On Perfection

I don’t know if this is a Marriott thing in general, or just TownePlace Suites, but the staff there have taken to the habit of asking me upon checkout, “Did you have a perfect stay”?

I never know how to respond to this question. Perfection is a platonic ideal, never to be achieved in real life–it is a goal only to be sought. To ask someone whether or not they have achieved it is to put one on the spot. I can lie, and say yes (which no doubt many do, just to get out and on their way). Or I can tell the truth, and say no, or in an attempt to avoid the quandary, to inform them that perfection isn’t possible. This doesn’t get me off the hook–the inevitable response to either of the latter is “…well, if it wasn’t perfect, what could we have done to make it perfect?”

I don’t know.

Make it so the teevee can be viewed while working on the computer? Have wine glasses? A slightly firmer bed? Protein with the overcarbed muffins in the breakfast room? A quieter room, away from the street? Move the entire hotel to the beach? Move the entire hotel to Cabo? Open bar happy hour? Hot and cold running nymphomaniacs?

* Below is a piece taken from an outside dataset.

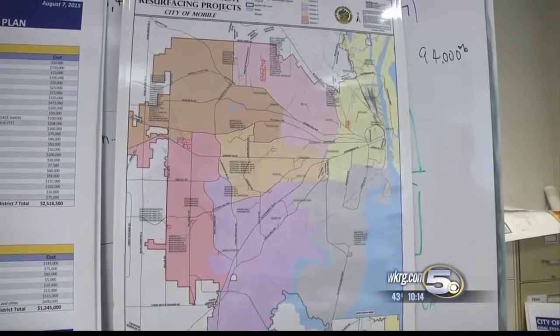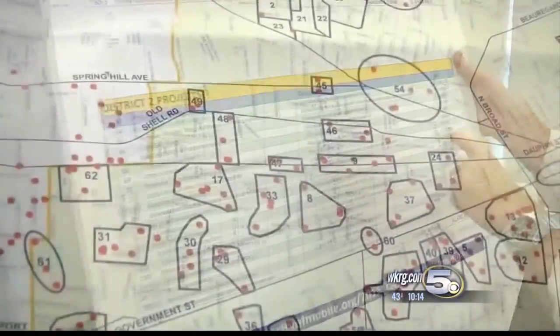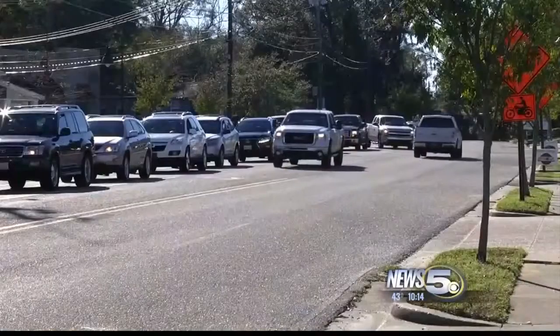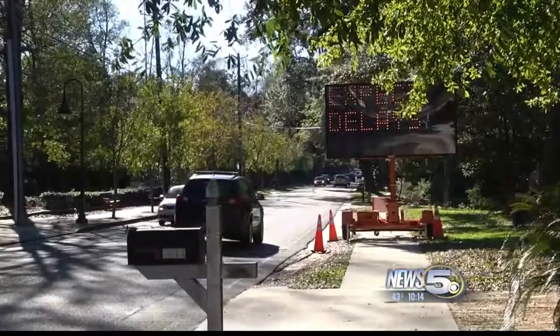Across the districts, the complaints have been similar, and they total a list of nearly 400 capital improvement projects spread over three years. One of the bigger road projects is Old Shell Road near University. About two miles of this will see a facelift.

It’s an unreasonable question, and whatever marketing genius came up with it should rethink it, because it’s gotten to the point of making me not want to stay there. I think the next time they ask, I’ll say, “My stay would be perfect if you wouldn’t ask me if my stay was perfect.” Ask if it was good, if it was great, if there were any problems, but please don’t place the burden of your failure to achieve the unachievable on me.